New releases are rated too high.

By valuing only the ‘freshest’, ‘hottest’ album drops, recommendation engines disvalue music that is not recently produced. Look at the movie industry, where a movie must be successful in its first few weekends to make any money. This, in my opinion, is an unhealthy model for music listening, particularly as music is not ephemeral to it’s time of production, and that a user can listen to far more music than they can watch movies, and enjoy music repeatedly, coming back to music long after it’s release date. Recommendation engines that value fresh music too much encourage this environment.

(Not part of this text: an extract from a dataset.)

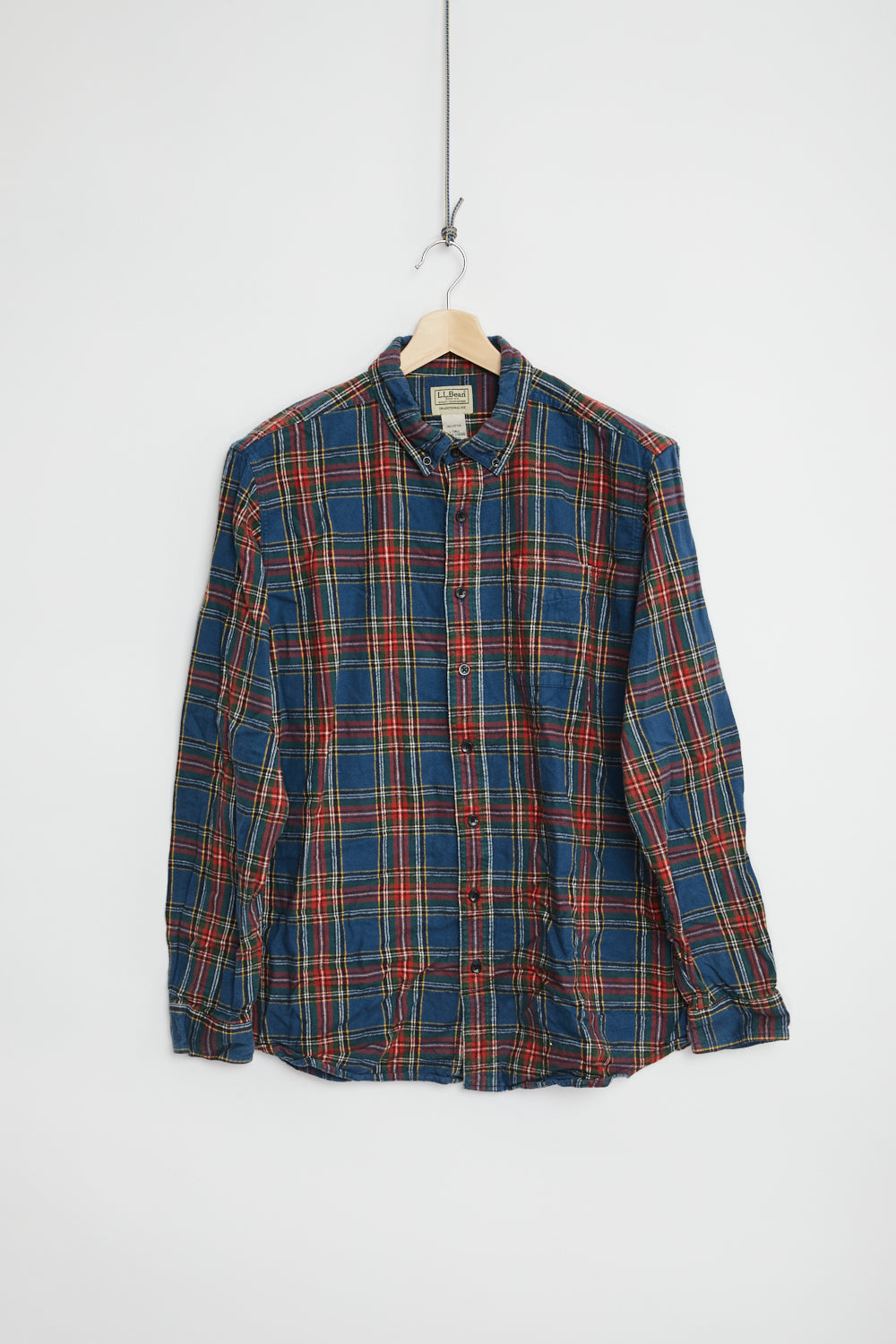 Image of L.L. Bean Flannel shirt (L)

One can avoid these issues, if - in the automotive spirit of big data - one embraces ‘small data’ and starts paying attention to specific users to give a service a hand-picked flair.

Approach

I built a music recommendation engine that’s source data is built solely from the personal and intentional recommendation of certain users I call ‘tastemakers’. They not only listen to music, but actively select a track to be included in the database. The engine randomly selects tracks from this curated database, weighted towards the music most recently added. This engine pulls in a spotify iFrame for convenience, but the website is not a listening platform. For discovering new music, it gives the user no input on the matter. They are presented with a track and they are forced to form their own opinion on it.

Process

I wanted to create a music recommendation engine that feels more akin to the ‘staff recommendations’ wall at a local record store than any infinite, algorithmically generated big-data, database.

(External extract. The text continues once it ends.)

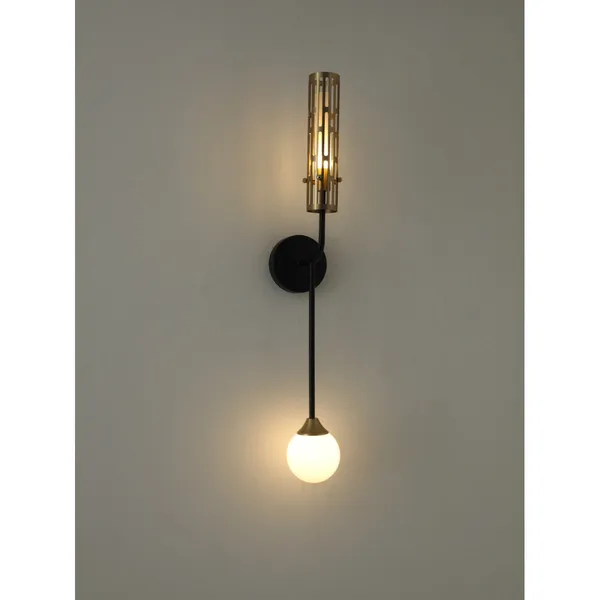 Antique_Brownass_Black_Metal_Glass_Modern_Wall_Light_Default_Title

For creating site, I decided to go with a client-side javascript (and jQuery) solution, as I figured many of the libraries for interacting with services would already exist, and a website makes an easy platform for an audience. Just go to a url, and listen to ‘good’ music. No barriers. After dealing with a lot of API dead-ends and, I ended up pulling music from a curated database through google spreadsheets, and the engine - which now requires human effort to keep updated - was born very quickly after this point. The design and development stage a breeze once I knew which tools I could easily work with. Almost all of the time spent was spent frustratedly trying to decipher various API documentation.

Outcome

I created a website that, on every page load, shows you a random artist from a curated database. View it at listentothis.hdyar.com. It is built with JQuery, Miso Project, and IFTTT. I used Skeleton as a framework for the html and the css.

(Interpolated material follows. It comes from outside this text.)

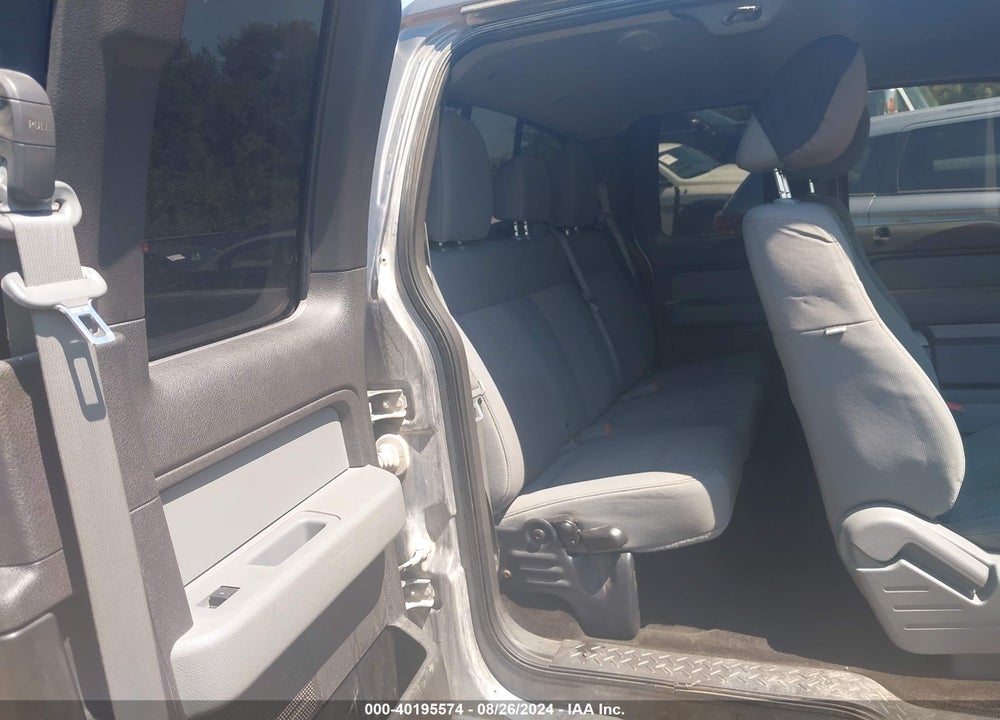 2011 FORD F-150 XLT VIN: 1FTFX1EF6BFB19342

The algorithm that re-assigns weight based on how recently the track was added has yet to be implemented, although it’s an easy process once I figure out the spreadsheet math. There are a lot of changes I would like to make, eventually removing the random component, so the weighting isn’t a high priority.

Next Steps

My next step is to remove the randomness feature, and just let the website work it’s way through the database (at a generated pace that roughly matches the pace music is being added), theming it feel like a record store’s staff wall of ‘check this music out’ in design and in function. This will force viewers to respect the recommendation, and not just refresh their way through a lot of artists, judging the music by it's album art.

I also would like to remove the ‘effort’ from maintaining the database, which would basically involve rewriting the whole thing - in effect, I made a statement about big data by avoiding big data, but I would like to pull automatically from tastemakers all over the country, then analyze what they are listening to. if I can figure out which users are tastemakers outside of my personal community and follow them (on spotify or last.fm, or music blogs, or wherever). The current implementation is ‘small data’, but I would like the data perhaps being a bit bigger. Not big data big, but a much larger selection of tastemakers.